Эллиот на некоторое время задумался; отблески пламени свечей играли в его синих глазах, почти такого же оттенка, как у Джулии, и у Рамзеса. Цвет, безошибочно указывающий на то, что человек этот принял чудесный эликсир. Затем Эллиот аккуратно сложил карту и сунул в карман.

– Отправляйтесь в Монте-Карло, – повторил Рамзес. – Но будьте мудры и распорядитесь выигрышем разумно. И тогда очень скоро у вас появятся средства на то, чтобы заняться разработкой рудников.

Эллиот кивнул.

– Хорошо, ваше величество, – ответил он с легкой иронией в голосе. – Это было очень великодушно с вашей стороны.

Он улыбнулся, но это была улыбка потерпевшего поражение.

Рамзес пожал плечами:

– Поговорите со своими банкирами об этих землях прямо сейчас. Задержка в начале разработок будет только играть вам на руку, но купить участок необходимо как можно скорее.

Он бросил взгляд на Джулию:

– А для тебя, мое сокровище, у меня, как я уже сказал, есть другие подобные карты.

Джулия смотрела на него с нескрываемым восторгом.

Стало уже совсем темно. Волшебная атмосфера на площади Святого Марка постепенно куда-то исчезла, а небо у них над головами затянул густой туман, и террасы ресторана начали наполнять мелодии струнных квартетов. Наверное, и величественный золоченый собор тоже скоро закроет свои двери. Ну да ладно, он увидит его завтра. Придет сюда в тихое дневное время, когда итальянцы обычно отдыхают.

Мимо сновали официанты, в бокалы наливалось вино, и, когда Рамзес уловил ароматы подававшихся за другие столики блюд, в нем внезапно проснулся зверский аппетит. Этот голод никогда нельзя было унять по-настоящему, равно как и возникавшую вместе с ним жажду, которую не утоляли ни вино, ни пиво, сколько бы их ни выпить. «Несите же наконец еду», – возбужденно подумал он. Отравление алкоголем осталось для него в прошлом, но ему хотелось вновь почувствовать вспышку тепла в желудке от вина, пусть и длилось это всего несколько минут после каждого выпитого бокала.

Джулия на беглом итальянском о чем-то говорила с официантом, когда кто-то тронул ее за локоть. Это был один из многочисленных посетителей, англичанин, знавший ее по Лондону.

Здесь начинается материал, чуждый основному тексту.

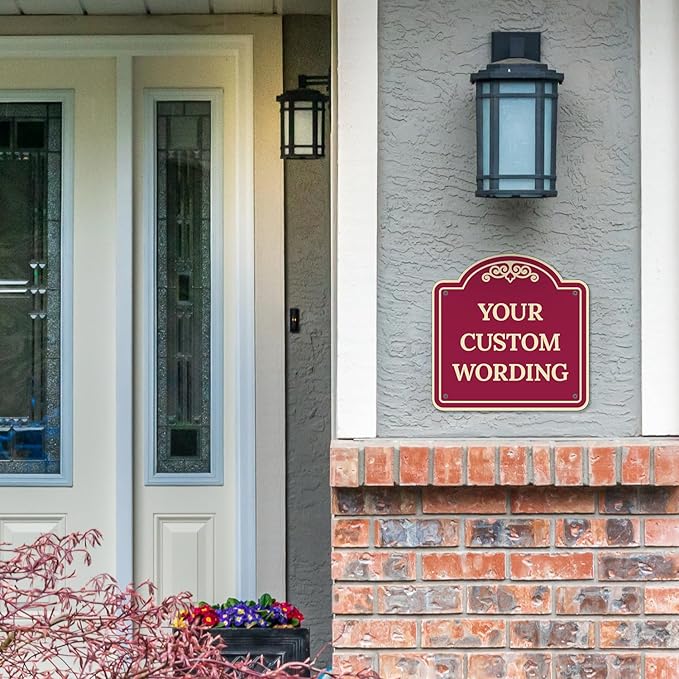 Custom Decorative Sign, Personalized Metal Sign for Business, Driveway, Home, Airbnb, Office Door Plaque,Burgundy Background Sign, 8x8 Inches, ACM, Fade Resistant, Made in USA by Sigo Signs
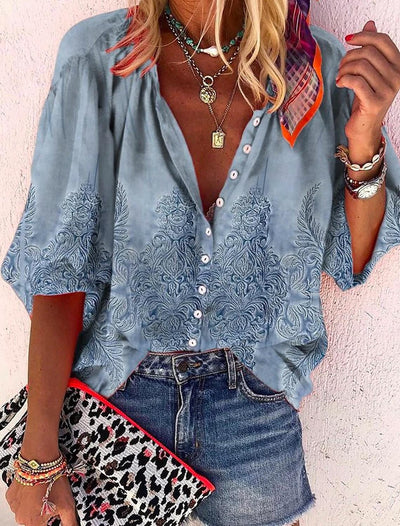 Vanessa | Modische lässige Boho-Bluse mit V-Ausschnitt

Узнав стоявшего перед ней хорошо одетого мужчину, Джулия встала, поздоровалась, а затем быстро поцеловала его спутницу. Это были лондонский торговец с супругой.

– О, твои глаза, Джулия! – воскликнула дама. – Они стали синими. Твои глаза!

Рамзес взглянул на Эллиота. Эта история повторялась постоянно, и Джулия с уже ставшей привычной уверенностью поведала подруге небылицу о том, как загадочная болезнь, подхваченная ею в Египте, неожиданным образом изменила цвет ее глаз с карих на синие. Абсолютная нелепица, разумеется. Эллиот с трудом сдерживал улыбку. Но эту пару объяснение вполне устроило: они успокоились, хоть и несколько удивились. Графа Резерфорда они не узнали, а Джулия не стала представлять их друг другу.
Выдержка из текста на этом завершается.